With the arrival of no-fault divorce, our head of Family Law, Sarah Jackson, considers whether spousal behaviour remains relevant on marital breakdown.
Sarah is available on 01225 462871. Alternatively, complete the Contact Form at the foot of this page.
Divorce, Dissolution and Separation Act
After years of campaigning, on 6 April 2022, the Divorce, Dissolution and Separation Act 2020 (DDSA) came into force. And with it, the need to apportion blame for a quick divorce disappeared. The new law allows one or both parties to apply to the Court for a divorce/dissolution on the sole ground that their marriage/civil partnership has broken down irretrievably, irrespective of fault. But does ‘no-fault’ divorce mean that spousal behaviour is now totally irrelevant on marital breakdown?
First, it’s important to remember that the DDSA only affects divorce/dissolution, ie ending the legal marriage/civil partnership contract. It has no bearing on a couple’s financial claims against each other. And divorce/dissolution does not automatically end those claims.
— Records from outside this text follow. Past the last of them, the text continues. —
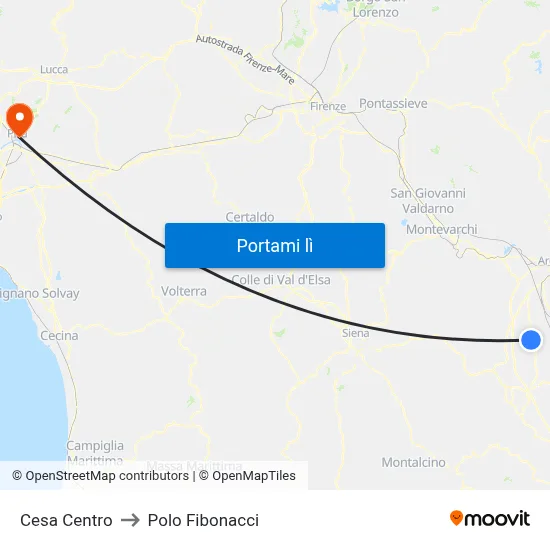Cesa Centro to Polo Fibonacci map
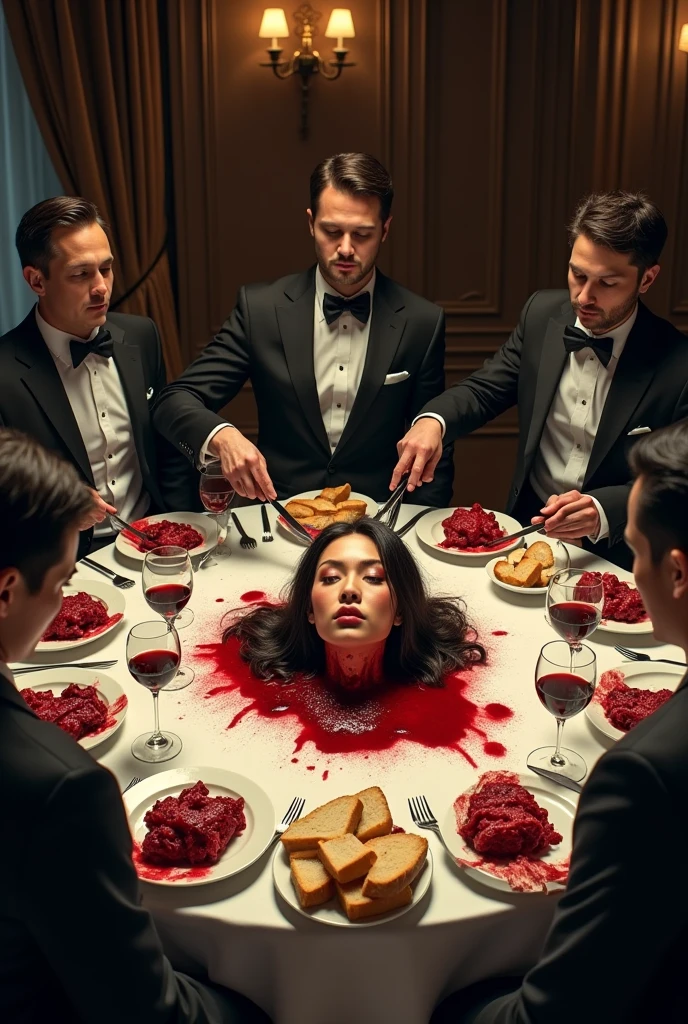 restaurant、Plates of bloody human flesh laid out on a round table、In the center is the bloody head of a beautiful Asian woman with long severed hair and dead eyes、grotesque、Many gentlemen and ladies are dining around a table、Eating the delicious flesh of a dead beauty、Use of knife and fork、looks delicious、bread、wine、photograph、live-action、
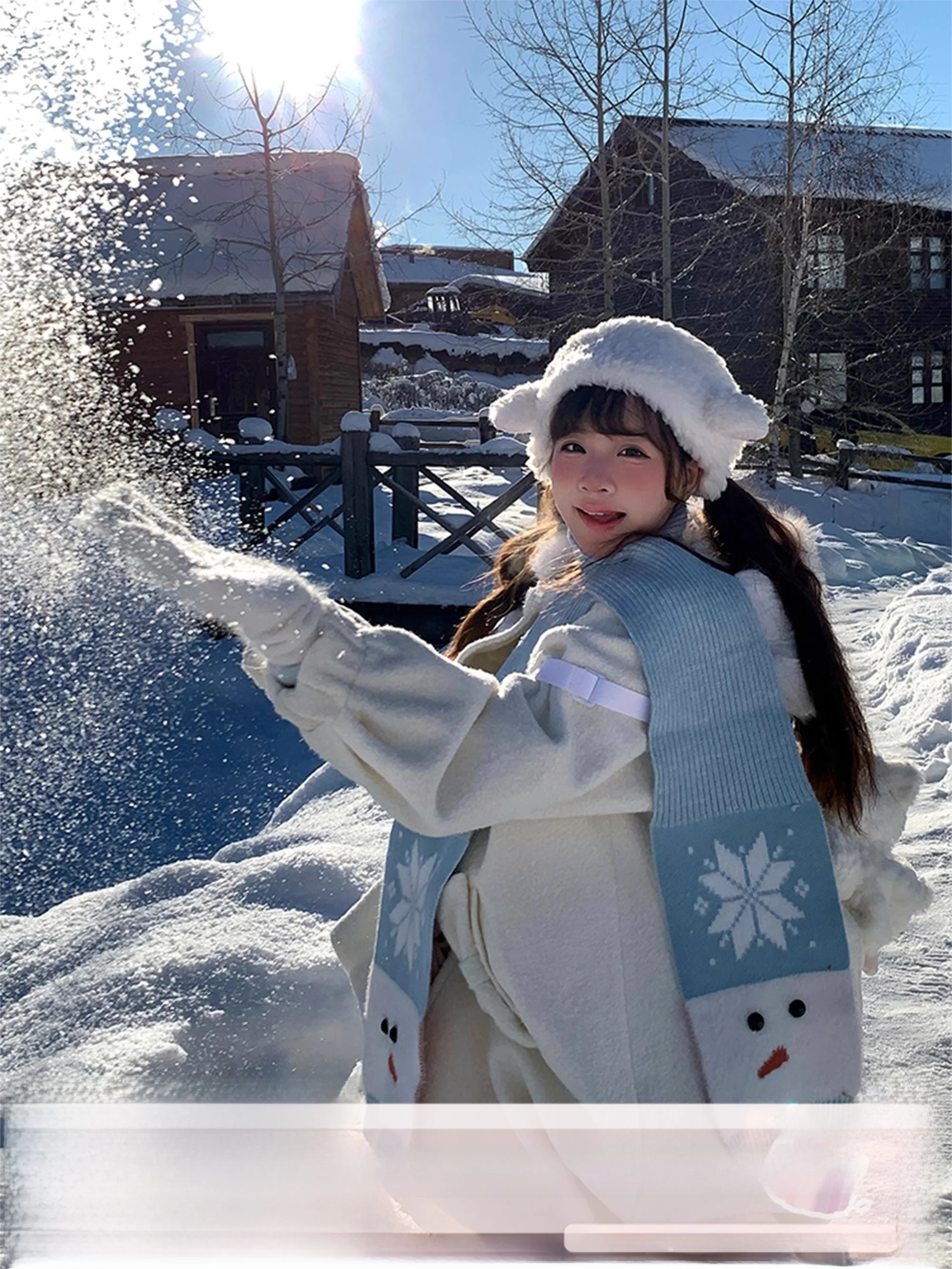 

Sinsingirl Bear Clip Cotton Woolen Coat Women Loose Winter New Sle Long Sve Medium Length Other Material 00% Outerwear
Many assume that a spouse’s affair, physical or emotional abuse or other poor conduct will result in a more favourable financial settlement. But that’s rarely true. Spousal behaviour is only relevant where misconduct is so serious that it would be unfair for the Court to ignore it.
Generally, serious misconduct falls into one of two categories – personal or financial.
To be considered a relevant factor, personal misconduct must be exceptionally serious. But even then, it may not result in the Court penalising the ‘guilty’ party financially. So, when domestic violence is taken into consideration, it’s usually only because the behaviour has directly impacted the victim’s financial position.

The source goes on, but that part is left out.